В период работы администрации Трампа набиравшему обороты соперничеству Соединенных Штатов и Китая зачастую не хватало идеологического измерения, характерного для первой холодной войны. Дональд Трамп был президентом-бизнесменом, он сосредоточился главным образом на дефиците торгового баланса Соединенных Штатов с Китаем. По словам бывшего советника Трампа по вопросам национальной безопасности Джона Болтона, в частных беседах Трамп даже призывал Си Цзиньпина продолжать политику массовых репрессий в Синьцзяне.

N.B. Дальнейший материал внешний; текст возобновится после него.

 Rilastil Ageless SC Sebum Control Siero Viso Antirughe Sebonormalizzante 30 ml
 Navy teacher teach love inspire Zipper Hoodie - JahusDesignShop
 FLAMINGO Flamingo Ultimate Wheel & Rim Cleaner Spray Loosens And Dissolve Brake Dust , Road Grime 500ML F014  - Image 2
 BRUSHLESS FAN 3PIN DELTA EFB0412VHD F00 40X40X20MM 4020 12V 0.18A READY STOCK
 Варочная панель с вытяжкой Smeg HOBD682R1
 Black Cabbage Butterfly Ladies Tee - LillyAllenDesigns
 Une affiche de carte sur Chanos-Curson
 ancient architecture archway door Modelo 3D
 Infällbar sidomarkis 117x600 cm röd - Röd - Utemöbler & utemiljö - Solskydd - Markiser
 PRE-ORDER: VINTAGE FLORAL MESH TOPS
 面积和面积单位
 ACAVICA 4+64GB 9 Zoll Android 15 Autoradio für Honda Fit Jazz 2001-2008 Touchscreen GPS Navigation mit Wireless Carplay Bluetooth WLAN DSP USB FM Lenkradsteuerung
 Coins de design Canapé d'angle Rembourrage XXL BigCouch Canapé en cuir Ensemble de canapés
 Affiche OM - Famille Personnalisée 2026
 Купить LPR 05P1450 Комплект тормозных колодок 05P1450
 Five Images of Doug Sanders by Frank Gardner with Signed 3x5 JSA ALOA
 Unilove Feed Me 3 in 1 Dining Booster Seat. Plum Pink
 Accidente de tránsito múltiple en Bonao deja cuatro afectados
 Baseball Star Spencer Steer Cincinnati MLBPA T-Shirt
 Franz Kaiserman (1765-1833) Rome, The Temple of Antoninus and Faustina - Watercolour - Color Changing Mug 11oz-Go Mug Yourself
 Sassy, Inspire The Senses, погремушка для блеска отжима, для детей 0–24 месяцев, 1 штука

Однако с приходом администрации Байдена идеологическое соперничество снова вернулось в игру. Байден заявил, что хочет собрать саммит демократий, и он, несомненно, намерен восстановить за Соединенными Штатами статус «лидера свободного мира». Как и Гарри Трумэн, который занимал пост президента США, когда первая холодная война обретала свою форму, Байден прежде был вице-президентом и сенатором, на которого интеллектуальная элита его партии в прошлом смотрела сверху вниз и который неожиданно оказался у руля в стране в переломный момент истории.
В самом центре борьбы сверхдержав вновь оказалось соперничество в области технологий. В период первой холодной войны это были ядерные технологии и космическая гонка. Сегодня соперничество сверхдержав вращается вокруг технологий 5G и искусственного интеллекта.
Однако это технологическое столкновение разворачивается в другом контексте. Сорок лет глобализации привели к глубокой интеграции экономик Китая и Запада. Сможет ли эта интеграция пережить период обострения соперничества сверхдержав — вот главный вопрос новой холодной войны.